» WHAT YOU NEED TO DO
Every line of the records below that holds the word "Cover" belongs in the answer.

» INFORMATION SHOWN

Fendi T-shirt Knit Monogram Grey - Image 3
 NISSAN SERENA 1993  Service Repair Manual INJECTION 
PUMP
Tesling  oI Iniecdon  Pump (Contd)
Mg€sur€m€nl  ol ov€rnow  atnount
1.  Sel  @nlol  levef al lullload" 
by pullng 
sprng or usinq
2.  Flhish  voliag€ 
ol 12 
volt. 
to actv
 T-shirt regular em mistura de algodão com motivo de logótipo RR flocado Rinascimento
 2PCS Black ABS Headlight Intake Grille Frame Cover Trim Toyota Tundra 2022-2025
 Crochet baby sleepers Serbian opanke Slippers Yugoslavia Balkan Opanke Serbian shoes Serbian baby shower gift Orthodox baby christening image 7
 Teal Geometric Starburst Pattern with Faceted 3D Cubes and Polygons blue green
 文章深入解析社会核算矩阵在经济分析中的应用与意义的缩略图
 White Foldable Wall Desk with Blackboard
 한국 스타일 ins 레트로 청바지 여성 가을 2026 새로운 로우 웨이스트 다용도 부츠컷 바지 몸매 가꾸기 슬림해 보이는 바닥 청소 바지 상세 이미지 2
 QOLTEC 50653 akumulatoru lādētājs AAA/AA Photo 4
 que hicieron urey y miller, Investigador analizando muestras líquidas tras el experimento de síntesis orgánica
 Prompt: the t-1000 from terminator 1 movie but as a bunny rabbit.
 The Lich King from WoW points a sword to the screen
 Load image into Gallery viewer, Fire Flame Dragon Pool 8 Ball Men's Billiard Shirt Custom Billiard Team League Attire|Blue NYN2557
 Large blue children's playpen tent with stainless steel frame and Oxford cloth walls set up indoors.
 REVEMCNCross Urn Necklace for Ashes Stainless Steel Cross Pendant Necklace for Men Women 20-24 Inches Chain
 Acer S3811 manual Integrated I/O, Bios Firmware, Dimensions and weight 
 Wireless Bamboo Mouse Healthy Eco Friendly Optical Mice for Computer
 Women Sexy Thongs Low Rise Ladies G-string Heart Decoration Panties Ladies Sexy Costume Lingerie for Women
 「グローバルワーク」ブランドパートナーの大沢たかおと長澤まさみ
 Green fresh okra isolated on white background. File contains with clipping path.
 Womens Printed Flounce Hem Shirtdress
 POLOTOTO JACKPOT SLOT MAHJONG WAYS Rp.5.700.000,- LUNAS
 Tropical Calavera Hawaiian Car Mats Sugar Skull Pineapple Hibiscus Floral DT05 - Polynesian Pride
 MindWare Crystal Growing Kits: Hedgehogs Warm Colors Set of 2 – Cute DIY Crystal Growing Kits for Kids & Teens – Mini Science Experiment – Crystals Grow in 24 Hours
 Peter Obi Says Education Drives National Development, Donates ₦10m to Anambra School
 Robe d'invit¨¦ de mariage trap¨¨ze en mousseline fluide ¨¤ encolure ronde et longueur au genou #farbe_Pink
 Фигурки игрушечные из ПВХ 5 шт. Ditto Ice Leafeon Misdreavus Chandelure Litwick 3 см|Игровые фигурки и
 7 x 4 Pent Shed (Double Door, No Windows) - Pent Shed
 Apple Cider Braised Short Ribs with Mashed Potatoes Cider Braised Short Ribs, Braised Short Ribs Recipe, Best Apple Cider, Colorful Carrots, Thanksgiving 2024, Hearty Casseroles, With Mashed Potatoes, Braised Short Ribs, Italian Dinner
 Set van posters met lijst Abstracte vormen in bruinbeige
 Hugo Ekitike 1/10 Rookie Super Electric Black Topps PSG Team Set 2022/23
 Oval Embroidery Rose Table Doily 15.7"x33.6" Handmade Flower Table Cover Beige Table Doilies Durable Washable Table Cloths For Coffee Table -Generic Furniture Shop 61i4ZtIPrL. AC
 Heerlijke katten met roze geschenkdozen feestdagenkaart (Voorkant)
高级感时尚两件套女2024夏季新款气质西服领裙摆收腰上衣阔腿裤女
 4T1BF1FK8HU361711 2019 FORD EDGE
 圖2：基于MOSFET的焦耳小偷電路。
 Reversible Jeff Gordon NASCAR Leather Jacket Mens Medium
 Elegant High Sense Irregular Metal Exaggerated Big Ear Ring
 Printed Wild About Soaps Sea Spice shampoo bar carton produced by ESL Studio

» THE COMPLETED TASK
 2PCS Black ABS Headlight Intake Grille Frame Cover Trim Toyota Tundra 2022-2025
 Oval Embroidery Rose Table Doily 15.7"x33.6" Handmade Flower Table Cover Beige Table Doilies Durable Washable Table Cloths For Coffee Table -Generic Furniture Shop 61i4ZtIPrL. AC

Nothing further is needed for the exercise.